Os anglicanos acreditam que, uma vez consagrados, o pão e o vinho permanecem sagrados. Por isso, quando há sobras, ou são consumidas pelo ministro ou dispostos no solo por libação. Por tradição, e implícito no Livro de Oração Comum, esses consumos são feitos em público – às vezes quase cerimonialmente. O Livro de Serviços Alternativos diz para consumi-los na mesa lateral do altar (credence) ou na sacristia.
Entre os metodistas e outros evangélicos há a prática de enterrá-los, dentre as várias admitidas como apropriadas para as reliquiae.

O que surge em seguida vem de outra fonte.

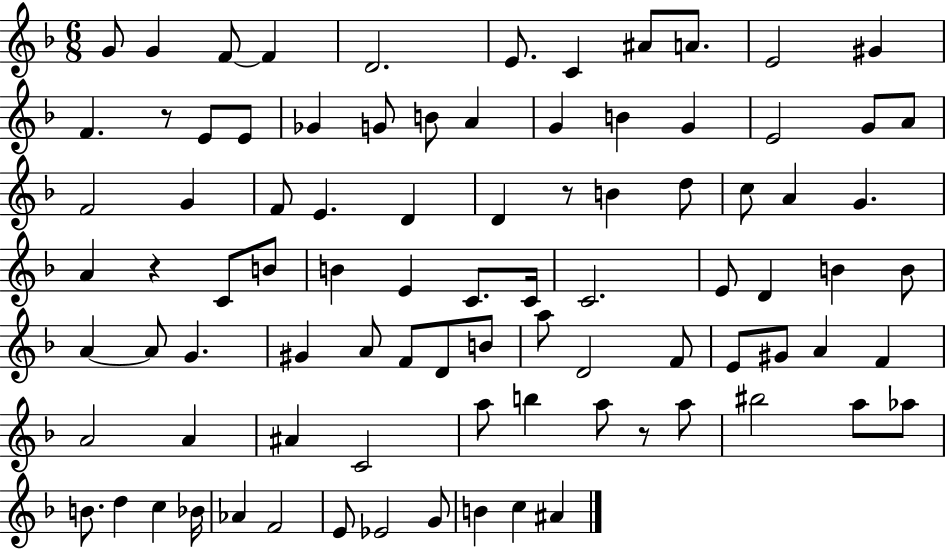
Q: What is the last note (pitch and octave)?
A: A#4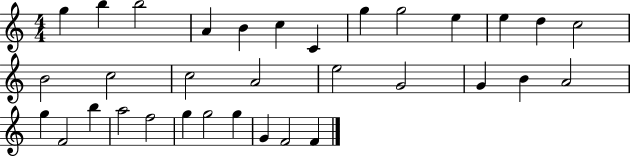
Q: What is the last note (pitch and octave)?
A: F4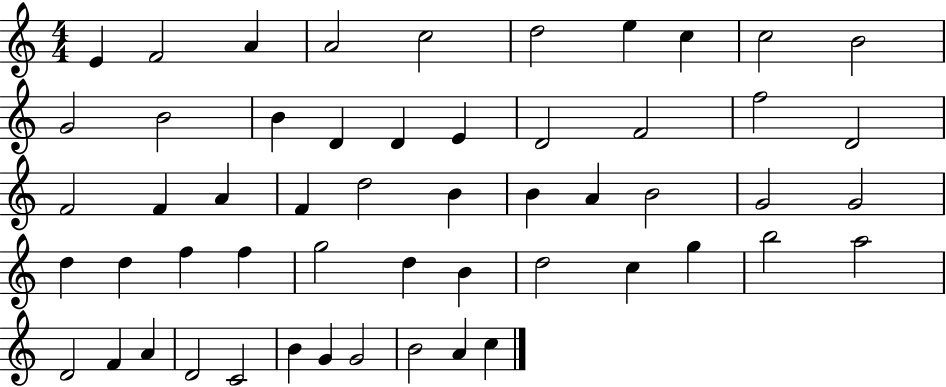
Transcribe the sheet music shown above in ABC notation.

Segundo instrução do United Methodist Worship Book:
O que se faz com o restante pão e vinho deve exprimir a nossa
mordomia dos dons de Deus e nosso respeito pelo santo propósito que eles serviram.
1) Podem ser reservados para distribuição aos enfermos e outros que desejam comungar, mas não podem comparecer.

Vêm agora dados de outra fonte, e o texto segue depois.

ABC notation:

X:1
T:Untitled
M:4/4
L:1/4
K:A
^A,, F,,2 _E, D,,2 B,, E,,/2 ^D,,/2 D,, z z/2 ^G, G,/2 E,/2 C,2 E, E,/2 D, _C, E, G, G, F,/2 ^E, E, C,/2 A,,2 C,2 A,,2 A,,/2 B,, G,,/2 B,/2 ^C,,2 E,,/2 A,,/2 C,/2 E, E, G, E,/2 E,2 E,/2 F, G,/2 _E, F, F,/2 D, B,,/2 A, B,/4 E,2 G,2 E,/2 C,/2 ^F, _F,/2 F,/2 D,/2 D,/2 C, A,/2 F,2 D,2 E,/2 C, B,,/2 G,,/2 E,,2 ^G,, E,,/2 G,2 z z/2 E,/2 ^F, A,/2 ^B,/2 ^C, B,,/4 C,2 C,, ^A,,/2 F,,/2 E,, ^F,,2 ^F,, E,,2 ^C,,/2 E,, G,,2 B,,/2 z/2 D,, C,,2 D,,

2) Podem ser consumidos com reverência pelo pastor e outros enquanto a mesa está sendo posta em ordem ou após o serviço.
3) Podem ser devolvidos à terra; isto é, o pão pode ser enterrado ou espalhado no chão, e o vinho pode ser reverentemente derramado no chão – um gesto bíblico de adoração (2 Samuel 23:16) e um símbolo ecológico hoje.
Como legado da tradição wesleyana, a Congregação Cristã e outras denominações oriundas do avivamento pentecostal italiano costumam enterrar o pão e o vinho que sobraram da Santa Ceia.
Muitas igrejas simplesmente descartam o vinho restante em uma pia e ralo comuns e jogam o pão no lixo comum. Outras ainda deixam para os celebrantes ou guardas da igreja consumirem após o culto. Algumas tradições o preservam para darem aos fiéis doentes ou ausentes.
A questão do destino dos elementos foi ponto de controvérsia nas relações ecumênicas entre anglicanos e metodistas nos anos 1960, e entre luteranos e anglicanos nas reuniões que levaram à comunhão de Leuenberg. Em vista disso, resultou em um entendimento mútuo de não os tratar como lixo comum. Assim, foi admitido entre anglicanos, metodistas e luteranos práticas, entre outras, de enterrá-los ou dispô-los ao solo.
BIBLIOGRAFIA
Congregation for Divine Worship and the Discipline of the Sacraments. Instruction. Redemptionis Sacramentum, 25 March 2004
Hovda, Bjørn Ole. The Controversy over the Lord’s Supper in Danzig 1561–1567: Presence and Practice–Theology and Confessional Policy. Göttingen: Vandenhoeck & Ruprecht, 2017.
Lockton, William. The Treatment of the Remains at the Eucharist After Holy Communion and the Time of the Ablutions. Wipf & Stock Publishers, 2021.
Monette, Ruth. A Word on Holy Communion: Instructions as We Return to Receiving Bread and Wine. St Stephen the Martyr Anglican Church, Burnaby. 11 de Abril de 2022.
United Methodist Book of Worship. “A Service of Word and Table V”. UMBOW 51-53.
Weimarer Ausgabe Br 10, 336–341 (Luther’s and Bugenhagen’s Letter to Simon Wolferinus in Eisleben, 4.7.1543); Weimarer Ausgabe Br 10, 348–349 (Luther’s second Letter to Simon Wolferinus, 20.7.1543).